▶ [RECORDS SUPPLIED]:
*-*-*
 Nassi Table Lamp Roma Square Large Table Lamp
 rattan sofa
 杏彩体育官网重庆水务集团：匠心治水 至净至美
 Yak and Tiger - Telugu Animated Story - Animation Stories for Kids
*-*-*
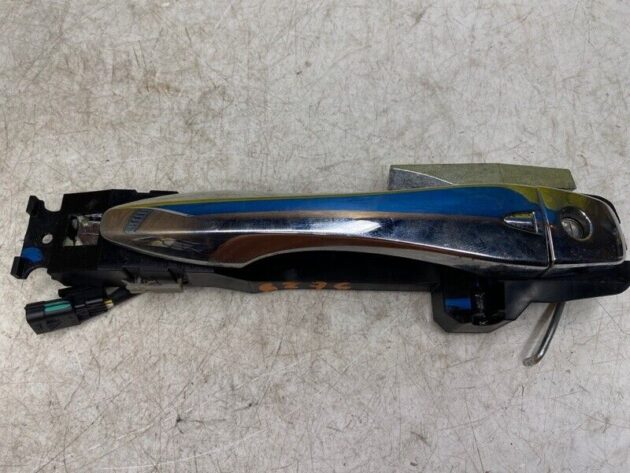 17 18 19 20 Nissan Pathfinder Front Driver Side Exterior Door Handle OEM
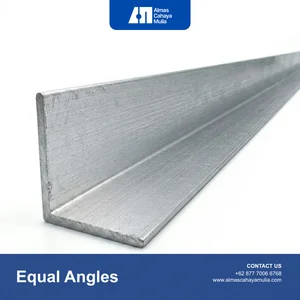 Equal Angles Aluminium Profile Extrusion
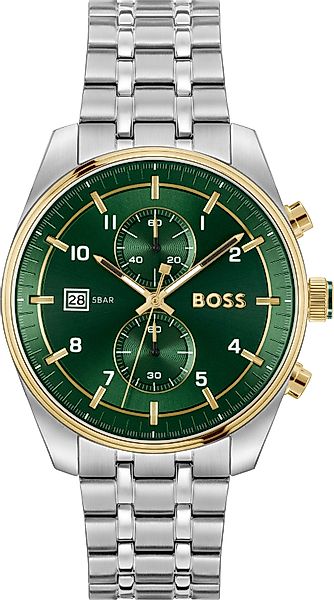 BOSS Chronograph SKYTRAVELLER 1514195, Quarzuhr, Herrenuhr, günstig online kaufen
*-*-*
▶ [TRY IT]: Scan the entries above for the line containing "Nassi Table Lamp", and copy it and all lines after it exactly, down to and including the line containing "Yak and Tiger".

▶ [ANSWER TO THE PROBLEM]:
 Nassi Table Lamp Roma Square Large Table Lamp
 rattan sofa
 杏彩体育官网重庆水务集团：匠心治水 至净至美
 Yak and Tiger - Telugu Animated Story - Animation Stories for Kids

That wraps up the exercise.